Want to avoid the crowds? Visit later in the evening, when the fountain is beautifully lit, and you can appreciate its foaming majesty in a quieter environment.
The fountain's design, the work of Nicola Salvi in 1732, depicts sea-god Oceanus in a shell-shaped chariot led by Tritons with seahorses – one wild, one docile – representing the moods of the sea. In the niche to the left of Neptune, a statue represents Abundance; to the right is Salubrity. The water comes from the Aqua Virgo, a 1st-century-BCE underground aqueduct, and the name Trevi refers to the "tre vie" (three roads) that converge at the fountain.
The famous tradition of tossing a coin into the fountain to ensure your trip to Rome comes from the 1954 film Three Coins in the Fountain. The money thrown into the Trevi is collected daily and goes to the Catholic charity Caritas, with its yield increasing significantly since the crackdown on people extracting the money for themselves.

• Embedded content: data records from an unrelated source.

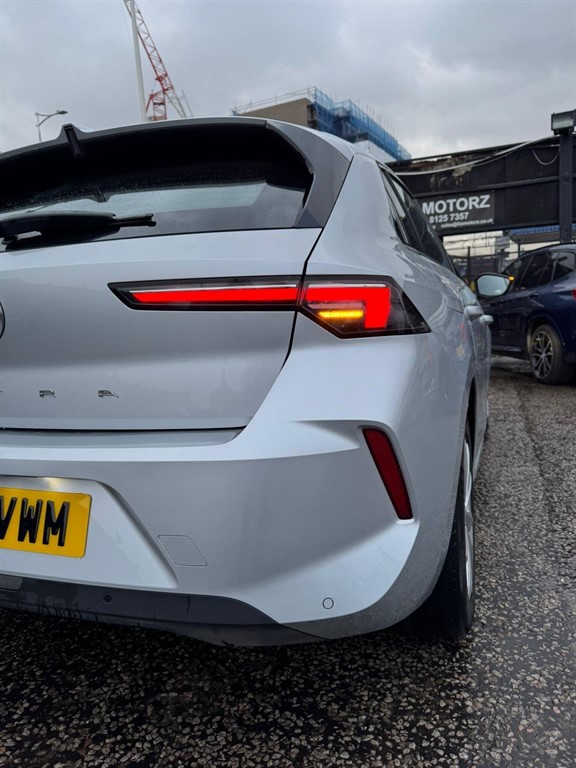 Used Vauxhall Astra 2022 for sale - 77137972: Photo 23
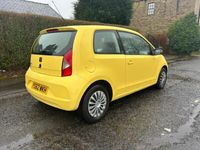 used Seat Mii 1.0 S 3dr [AC]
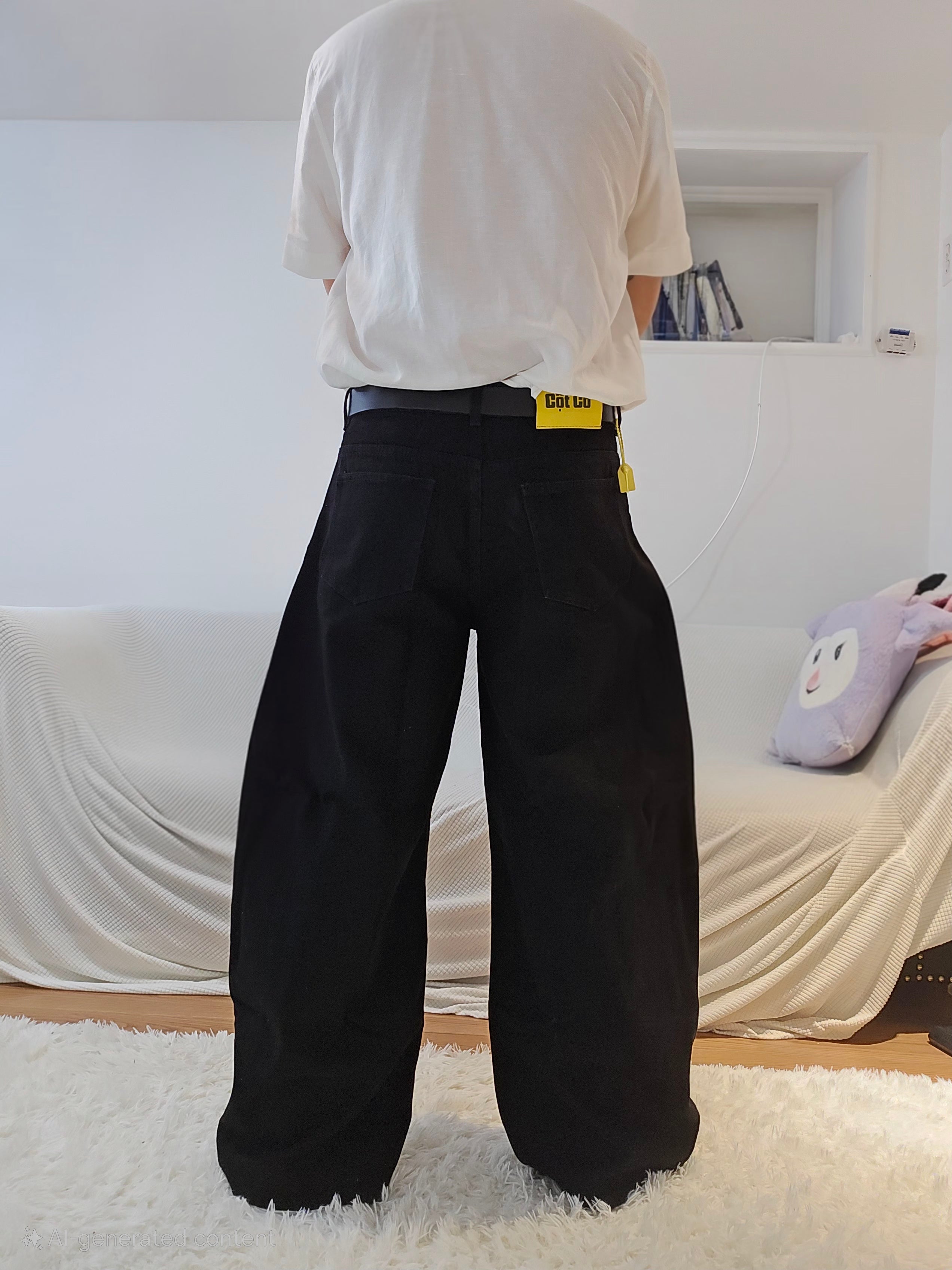 Long Black Raw V1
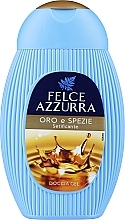 Kup Żel pod prysznic Gold and Spices - Felce Azzurra Shower Gel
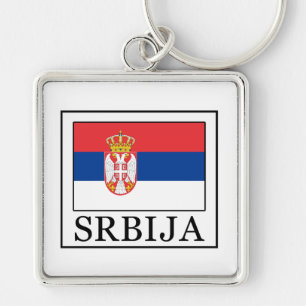 Srbija Schlüsselanhänger
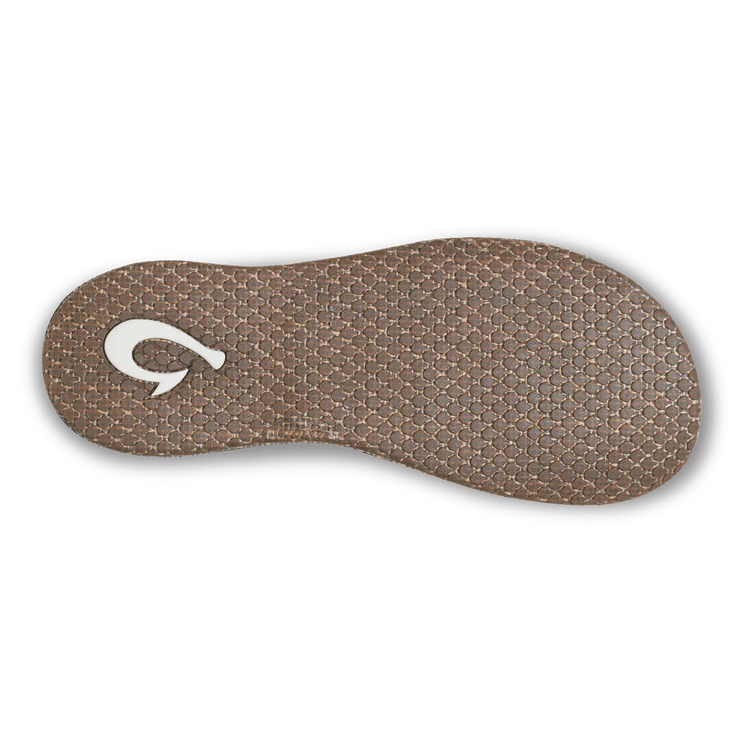 OluKai Paniolo Women's Leather Sandals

Most famously, Trevi Fountain is where movie star Anita Ekberg cavorted in a ballgown in director Federico Fellini's classic La Dolce Vita (1960); apparently she wore waders under her iconic black dress but still shivered during the winter shoot. In the summer of 2016, a British woman was fined €450 ($542) for dancing in the fountain in an evening dress and fur stole in blatant imitation of the iconic actress.
In 2016, fashion house Fendi staged a "Legends and Fairytales" fashion show at the fountain during which catwalk models walked on water – or rather strutted across a glass walkway constructed above the emerald water – as the sun set over this Roman icon. It was given permission to do so in acknowledgment of its €2.18 million ($2.62 million) sponsorship of the fountain's restoration.
Trevi Fountain rules and etiquette
Paddling or bathing in the fountain is strictly forbidden, as is eating and drinking on the steps leading down to the water. Both crimes risk an on-the-spot fine of up to €500 ($600).
Coin-tossing etiquette includes throwing with your right hand over your left shoulder, with your back facing the fountain.